To be able to talk about feelings, especially difficult ones, requires some practice and a trust in one’s ability to do so. Unfortunately, most people have not developed trust in their ability to articulate their feelings. They had little practice with or guidance from their parents and other adults in this important area of development. Some even were told by their parents that expressing anger or other uncomfortable emotions was wrong.

Three of the most uncomfortable feelings are sadness, fear, and anger. Personal loss and failure can arouse these feelings. We are taught at a young age, for instance, to fear making mistakes. Then when we fail to live up to or achieve standards we have set for ourselves, we feel ashamed. We close ourselves off not only from those before whom we feel shame, but also from our own feelings. Even as children, we have all sorts of unconscious drives, the emotional force of which can confuse us. Yet no one helped us identify and talk about these feelings when we were young. These and many other reasons tend to keep us on guard.

Life would be so much easier—both personally and interpersonally—if we were more trusting and open emotionally, and knew how to communicate inwardly and to others about how we feel. Just because an emotion carries with it feelings of threat and foreboding from your past does not mean talking about that feeling has to be threatening, frightening, or otherwise difficult. To learn to speak about your feelings after you have not been able to do so can feel like being released from prison. It is well worth the effort, and even risk, that accompanies all constructive growth and learning. Parents who are frightened of their own feelings can undertake this for themselves. Moreover, if you want your child to grow up free to express his or her feelings, you can take an active role in teaching this vital skill. You can do this even if you are uncomfortable expressing your own feelings.

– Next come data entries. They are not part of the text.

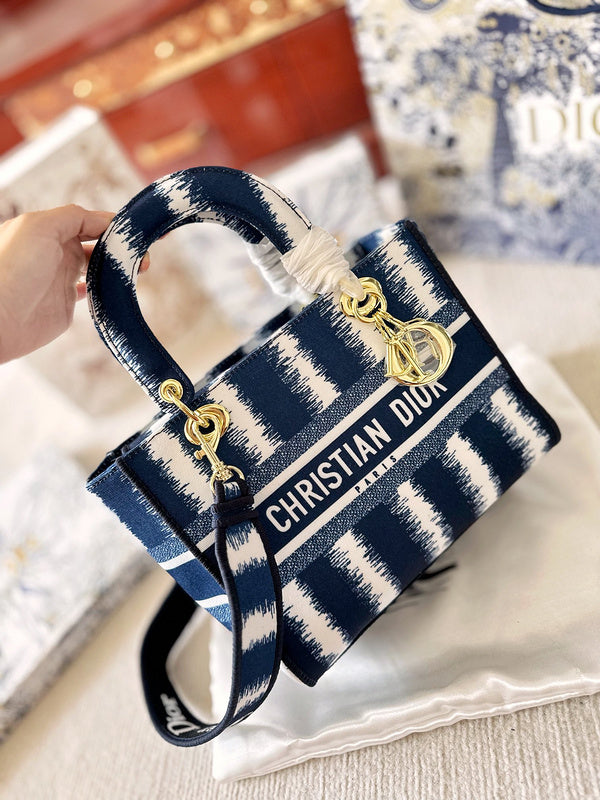 Luxurious Totes - DOR2 Bags - 052
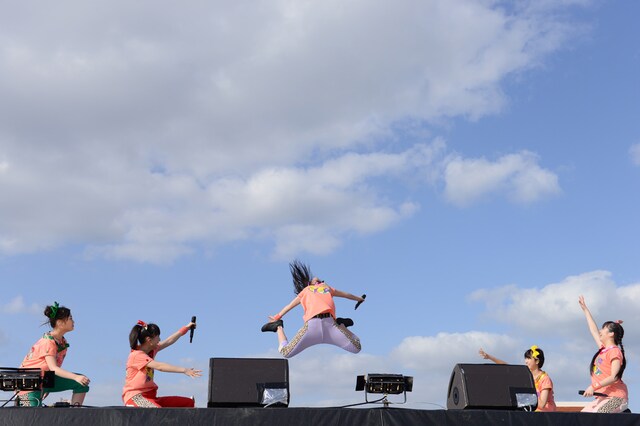 「独占！ももクノ60分 vol.6」第2部より。高城れにのえびぞりジャンプ。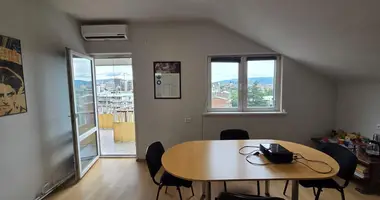 Oficina 300 m² en Tiflis, Georgia
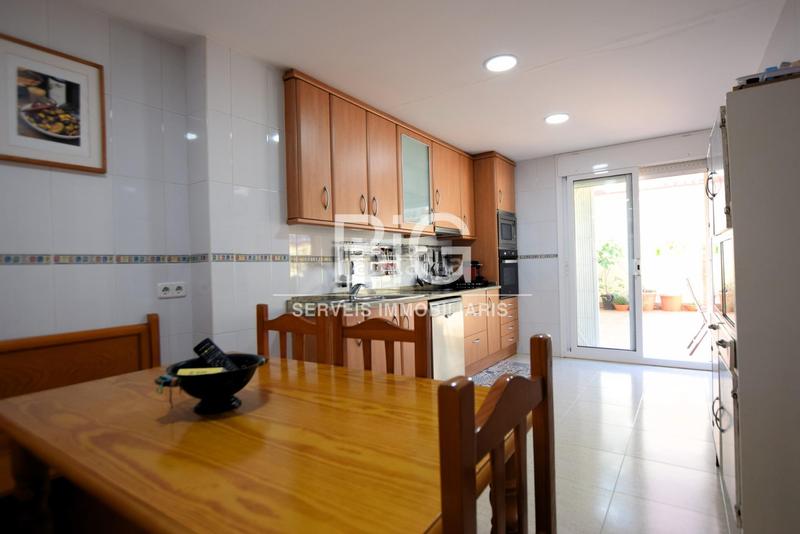 Foto a236d9a8-aec8-4fe9-8475-870795dfabab. Haus mit heizung parking in Nucli Urbà Argentona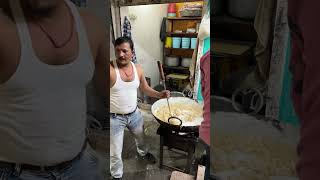 What is he cooking !? I have no idea #streetfood #india #indianfood #อินเดีย #streetfoodindia #nort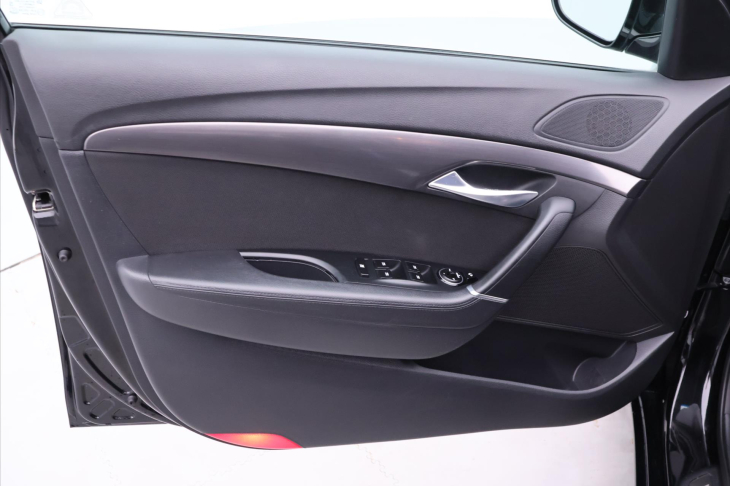 Hyundai i40 1,7 CRDI 104kW Navi Xenon CZ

You can begin by playing a zoo game with your child. For example, you can sit down on the floor with your child, age two to six, and a collection of plastic or rubber animals. (If animal toys are not available, the same game can be played with stuffed dolls.) You can hold up a baby giraffe and a big lion, and say, “I’m scared of the big lion.” Or if you have a monkey, you can make another animal take its banana away, and have the monkey say, “I’m angry! You took my banana!”

Then you can give your child a chance to practice, as well. You can guide the child: “Can you make your monkey angry?” Or “What will make your lion sad?”

As you and your child continue to practice, you can ask, “I wonder how the little monkey felt when the mommy monkey left?” Or “I wonder how big brother elephant feels when mommy elephant pays so much attention to little sister?”

If, as a parent, you show empathy for the youngest of the animals in your play, your young child will sense your empathy for him or her. You then can ask, “I wonder if you ever feel that way?”

These kinds of games are helpful for addressing the uncomfortable feelings and conflicts experienced by many young children. These conflicts distress parents and other family members, as well as the young child. The vital first step for parents wishing to solve such problems is to find their cause(s). Then you can work with your child to reduce or eliminate those causes.

You as a parent can practice voicing feelings you may not have been able to speak about comfortably all your life. And at the same time, you can show your child how to verbalize feelings constructively, without acting out in ways that could hurt him or her, or others. You can continue this dialogue about feelings as your child develops into adolescence. In this way, he or she will know that it is safe to come to you, no matter what has happened. Role play scenarios such as the ones described here are the first important steps to keep your child out of the prison you may have been in most of your life—that is, until your child gave you the keys to your freedom.